What you will do:
Retype the material below exactly, from its first line through the line with "Uromee Backpack Purse"; the pictures stay out.

Given entries:
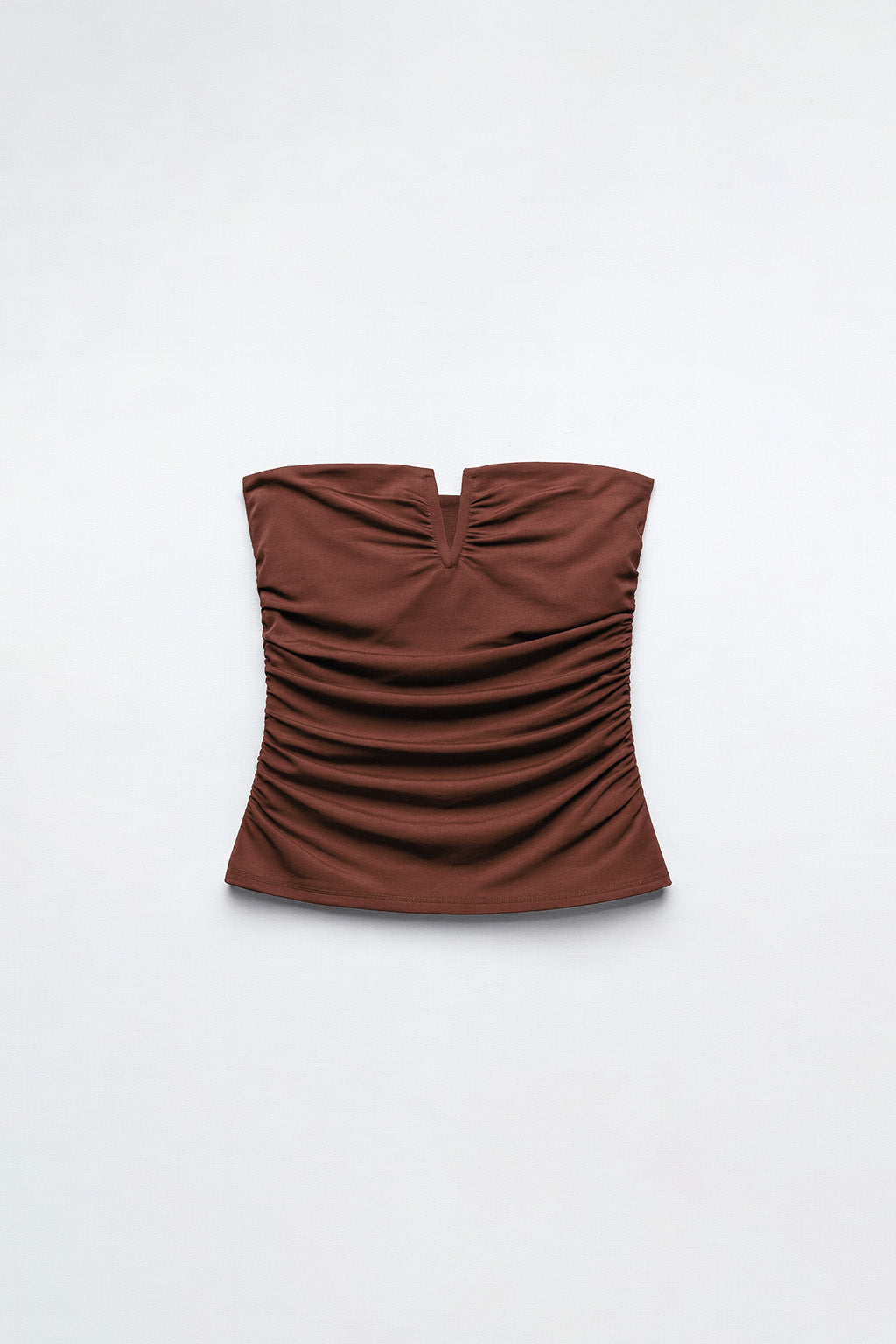 Top Strapless Escote V - Marrón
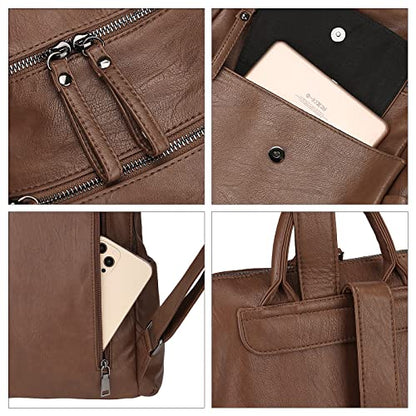 Uromee Backpack Purse for Women Vegan Leather Ladies Fashion Travel Shoulder Bag Convertible - color: 240 Brown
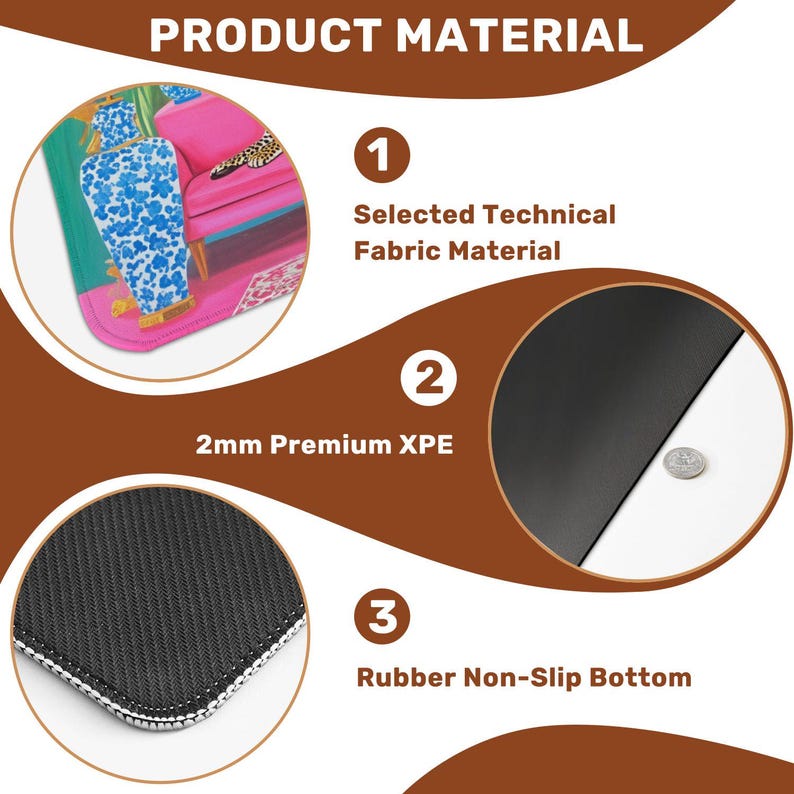 May include: Product material graphic with three sections. Section 1: Selected Technical Fabric Material. Section 2: 2mm Premium XPE. Section 3: Rubber Non-Slip Bottom. The image also shows a colorful illustration of a room.
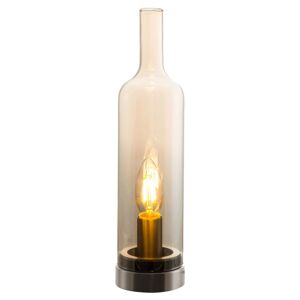 Nino Leuchten Skleněná stolní lampa Bottle, jantarová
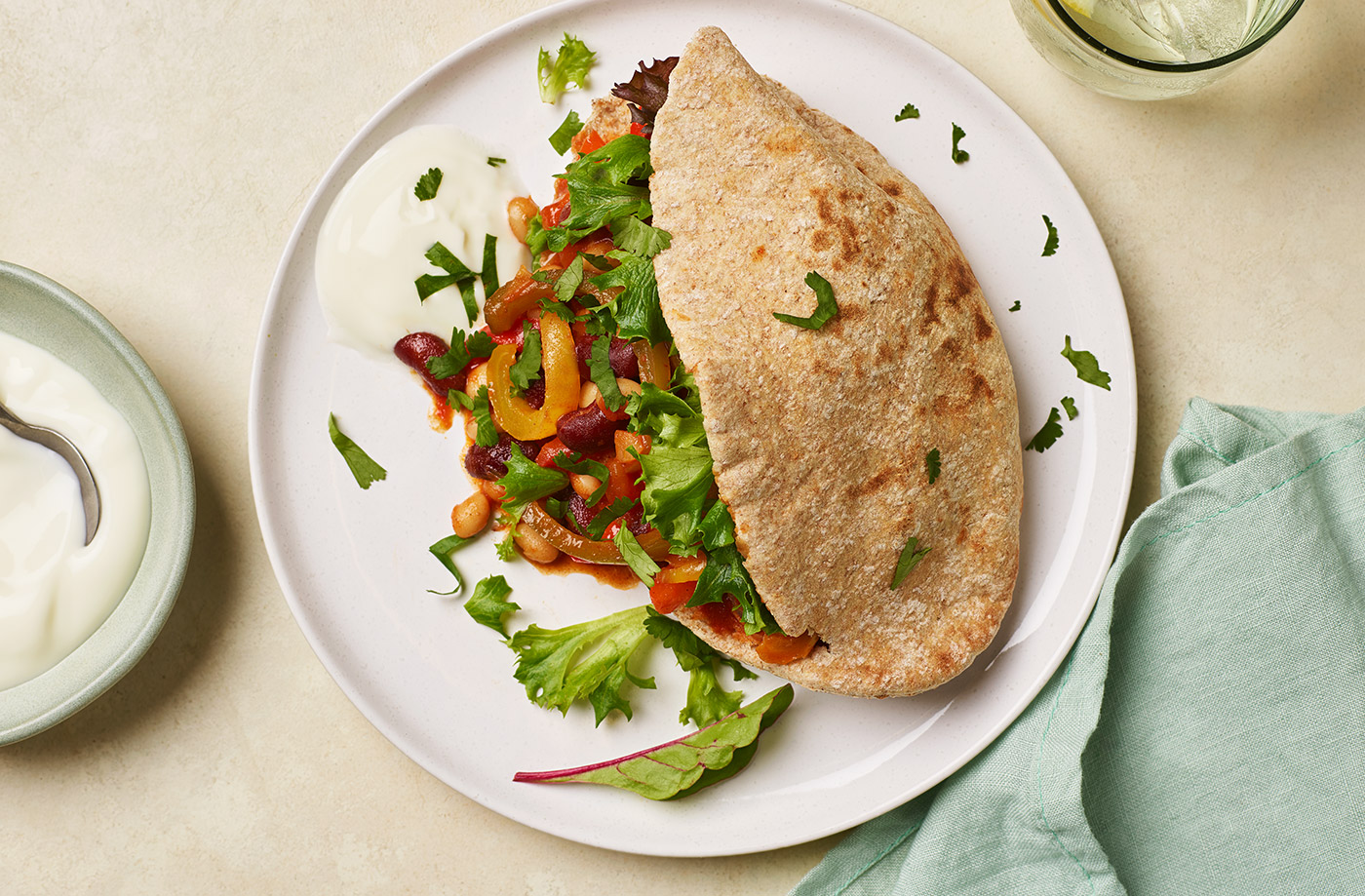 Quick bean chilli pittas recipe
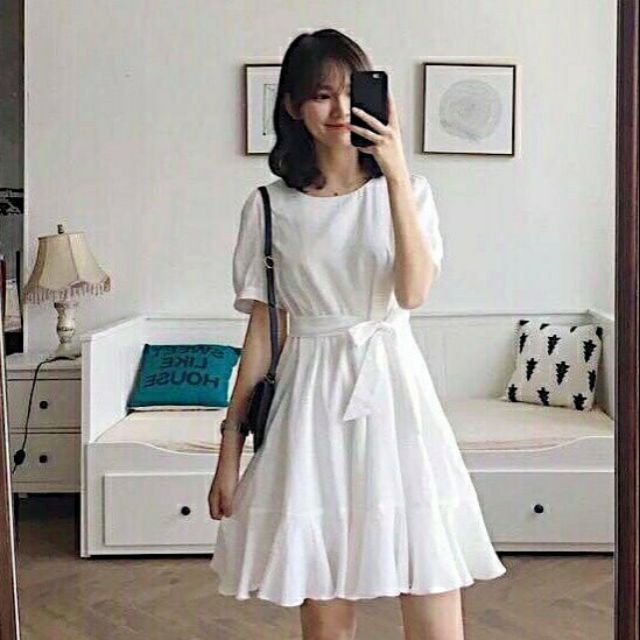 ĐẦM BABYDOLL TRẮNG CỘT EO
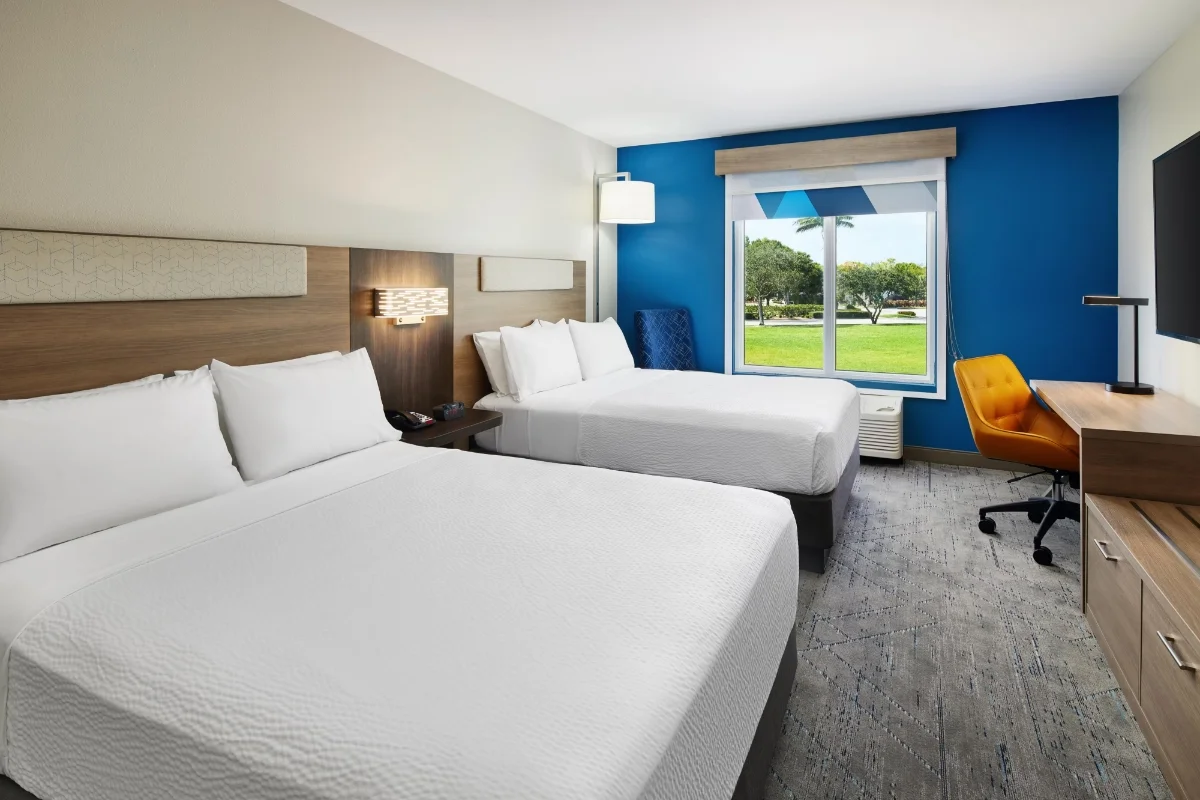 Holiday Inn Express double bed hotel room interior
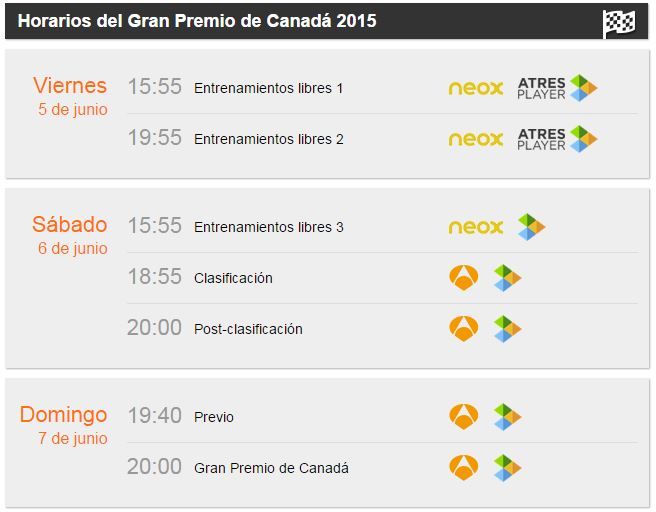 Horarios F1 GP de Canadá 2015 en Antena 3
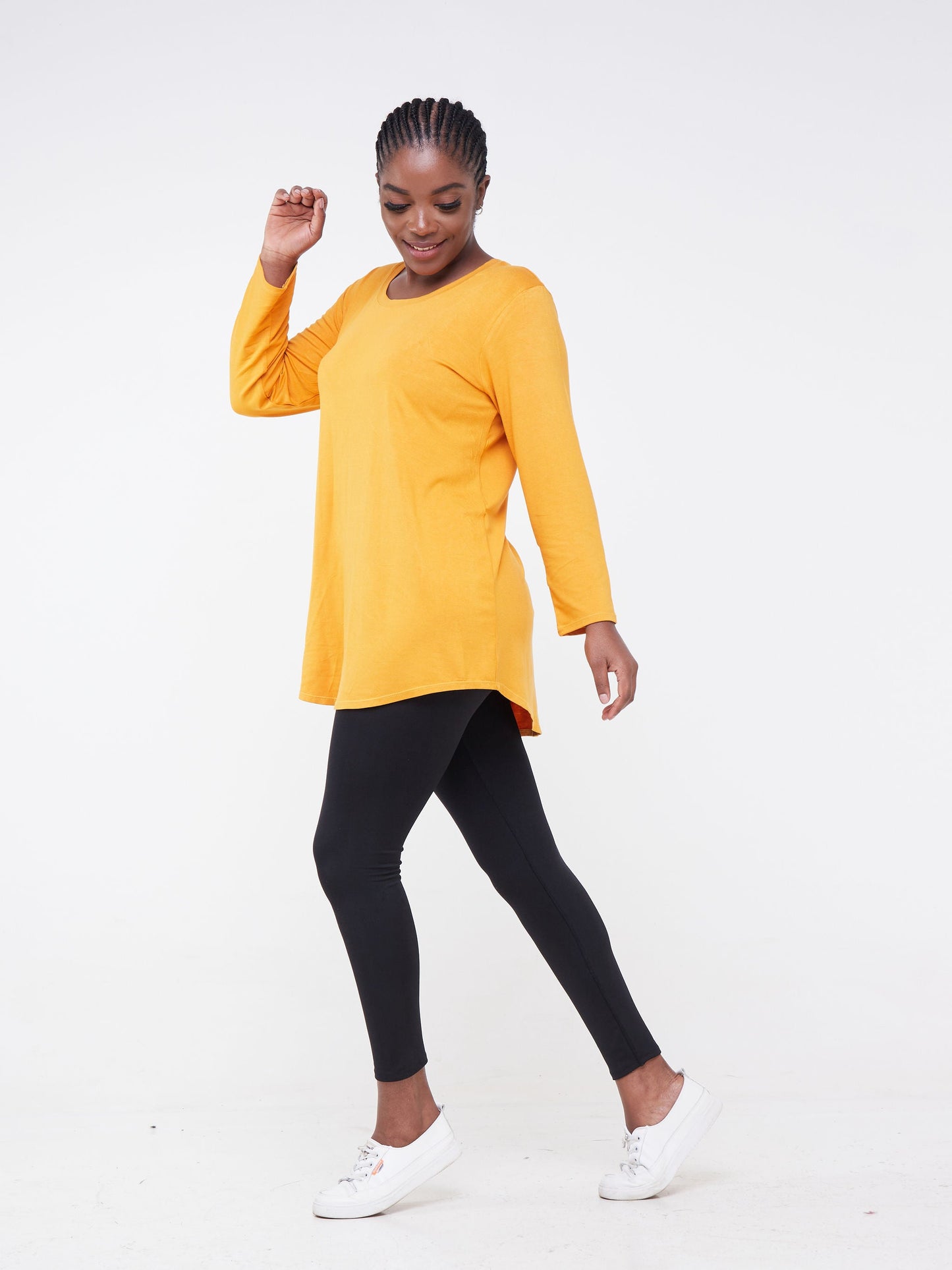 Vivo Fitness Long Sleeve Bound Neck Tunic Top - Mustard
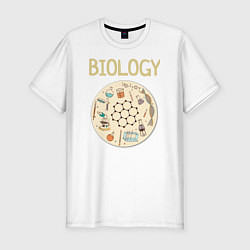 Футболка slim-fit Biology, цвет: белый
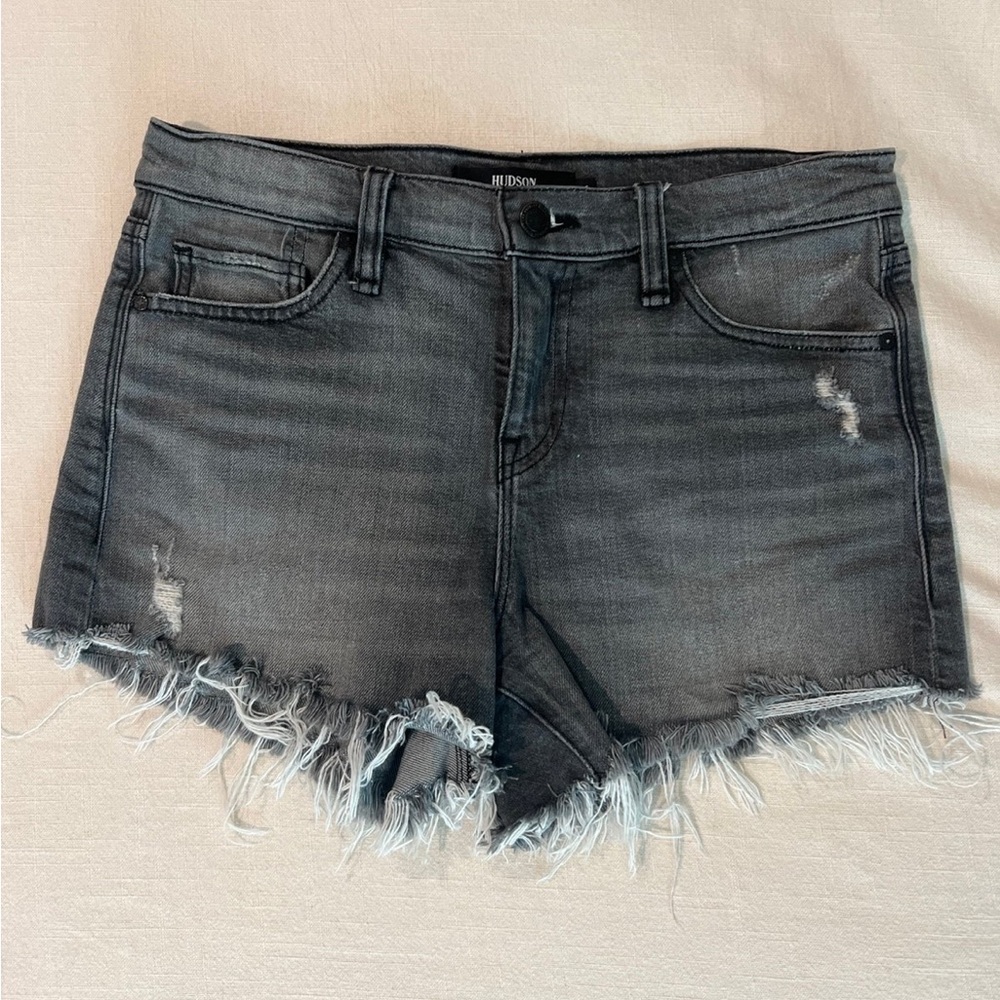 Hudson Black Denim Distressed Women Shorts - 4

Result of the task:
 Top Strapless Escote V - Marrón
 Uromee Backpack Purse for Women Vegan Leather Ladies Fashion Travel Shoulder Bag Convertible - color: 240 Brown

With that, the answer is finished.